Editor’s note: This story was originally featured in the November issue of DS News, out now.

Long before Darwin’s theories and his book Origin of the Species was released, humans realized that the key to survival was adaptation. When the environment changed, those who were able to change along with it survived, those who were not perished. In today’s age of electronic communication, virtual meetings, cyber wallets, and cyber terrorism, the validity of the statement is acknowledged, and the realization that companies need to be more vigilant protecting their electronic environments. Those companies in high-profile industries such as finance, aerospace, military, and others–including housing and mortgage servicing—need to be more aggressive as the risks are generally higher when handling and storing confidential data.
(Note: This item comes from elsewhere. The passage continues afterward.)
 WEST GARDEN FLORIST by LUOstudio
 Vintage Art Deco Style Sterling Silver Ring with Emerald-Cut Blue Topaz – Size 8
Cryptography Has a Limited Lifecycle

Given the massive data breach Equifax experienced recently, implementing encryption algorithms—or the process of transforming plain text into encrypted text for the purpose of securing electronic data when it is transported over networks—based on the lowest strength encryption that has not yet been exploited may not be the wisest course of action. It does not make sense to base security protocols on the lowest level of Federal Information Processing Standards (FIPS). If companies are adopting new controls based on today’s industry encryption standards, they should have a valid reason for doing so, and understand the implications of that decision. After all, the time involved in the decision-making process can be quite extensive. There is research that takes place to evaluate the issue, requirements and design, RFPs, testing, implementation, and more. This can be a costly process and companies should not exhaust all the time and resources necessary only to adopt algorithms that are here for a short period. They should be implementing protocols that will not be deprecated for at least the next eight to 10 years. This is one of the reasons why certifying authorities such as Verisign, Thawte, and others limit the number of years users may purchase a website certificate. Major institutions may only implement certificates whose expiration date is two years or less.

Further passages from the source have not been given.